The most common system for the compression of video is MPEG. It works like this. The single data stream off the CD-ROM is split into video and audio components, which are then decompressed using separate algorithms.
The video is processed to produce individual frames as follows. Imagine sequence of frames depicting a bouncing ball on a plain background. The very first is called an Intra Frame (I-frame). I-frames are compressed using only information in the picture itself just like conventional bitmap compression techniques like JPEG.
Following I-frames will be one or more predicted frames (P-frames).
The difference between the P-frame and I-frame it is based on is the only data that is stored for this P-frame. For example, in the case of a bouncing ball, the P picture is stored simply as a description of how the position of the ball has changed from the previous I-frame. This takes up a faction of the space that would be used if you stored the P-frame as a picture in its own right.

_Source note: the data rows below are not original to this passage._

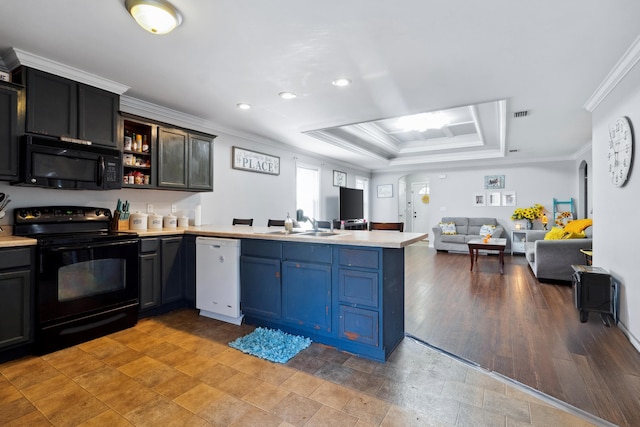 kitchen with black appliances, a raised ceiling, wood-type flooring, crown molding, and kitchen peninsula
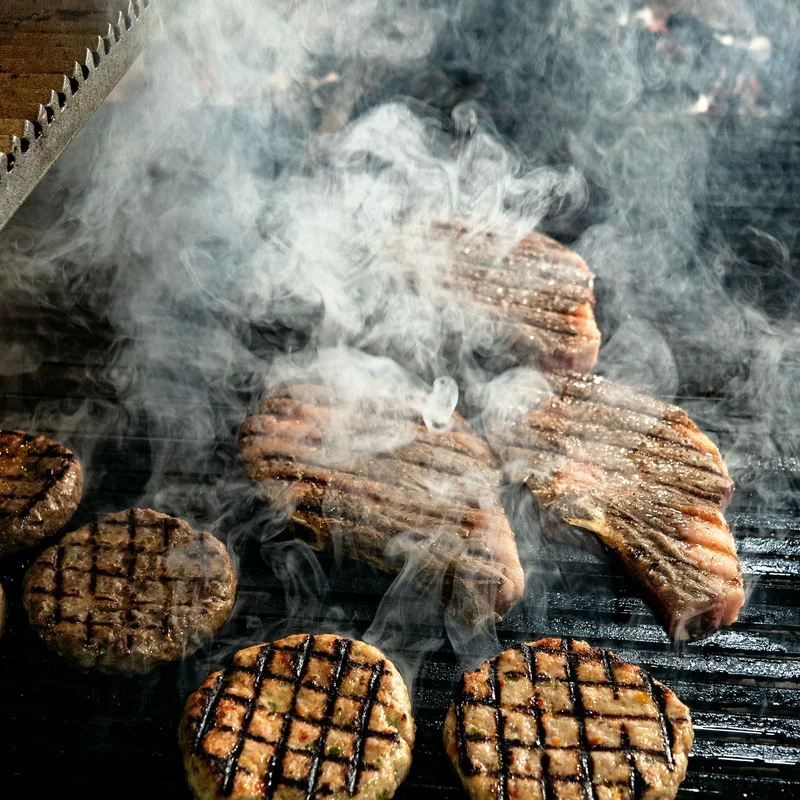 Steaks and burgers cooking on a grill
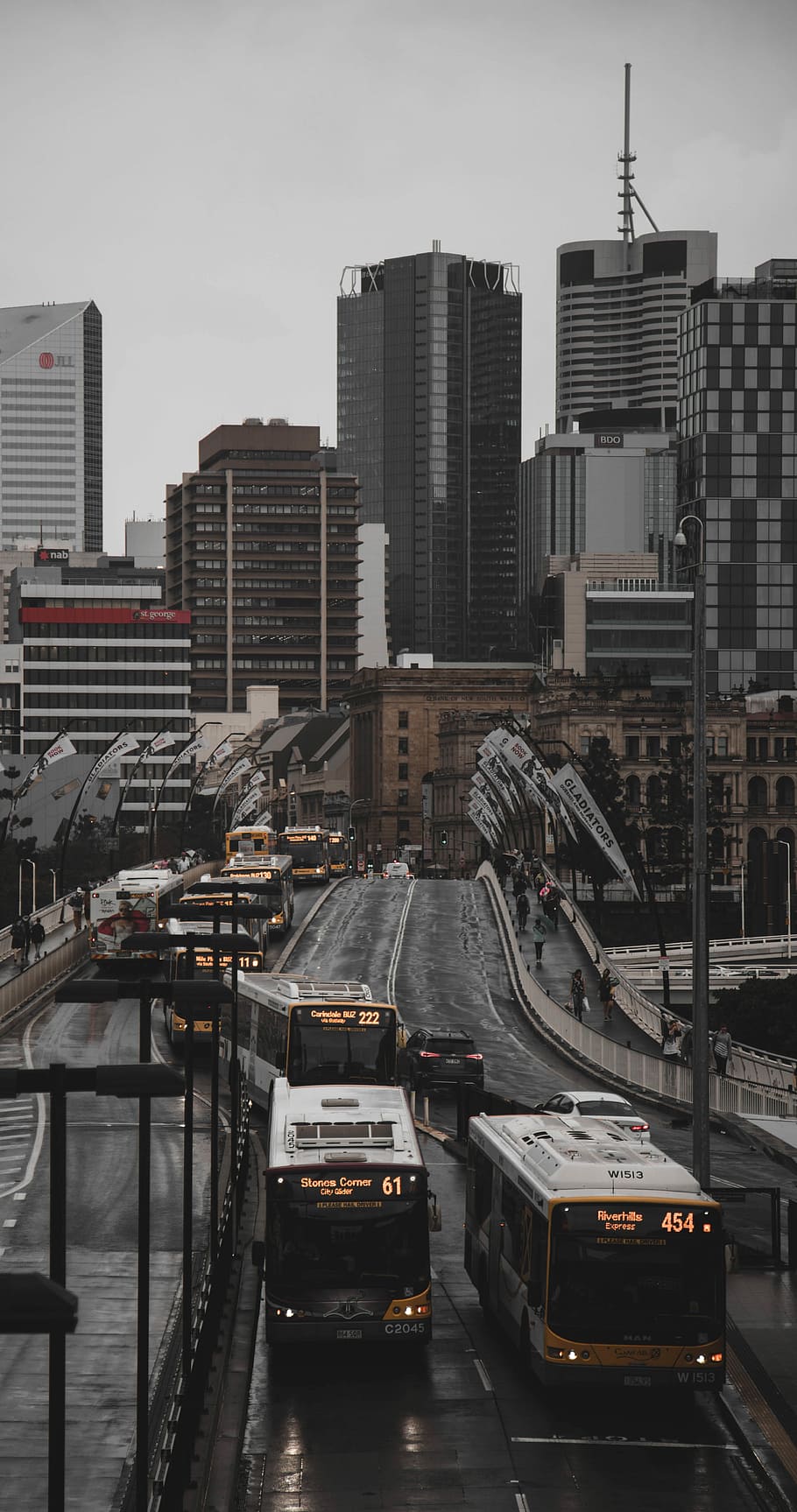 aerial photo of bus forming line while on road at daytime, white and brown bus on road near building HD wallpaper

Shape or color changes are also stored in the P-frame. The next P-frame may also be based on this P-frame and so on. Storing differences between the frames gives the massive reduction in the amount of information needed to reproduce the sequence. Only a few P-frames are allowed before a new I-frame is introduced into the sequence as anew reference point, since a small margin of error creeps in with each P-frame.
Between I and P-frames are bi-directional frames(B-frames), based on the nearest I or P-frames both before and after them. In our bouncing ball example, in a B-frame the picture is stored as the difference between the previous I or P-frame and the B-frame and as the difference between the B-frame and the following I or P-frame. To recreate the B-frame when playing back the sequence, the MPEG algorithm uses a combination of two references. There may be a number of B-frames between I or P-frames. No other frame is ever based on a B-frame so they don’t propagate errors like P-frames.
Typically , you will have two or three Bs between Is or Ps, and perhaps three to five P-frames between Is.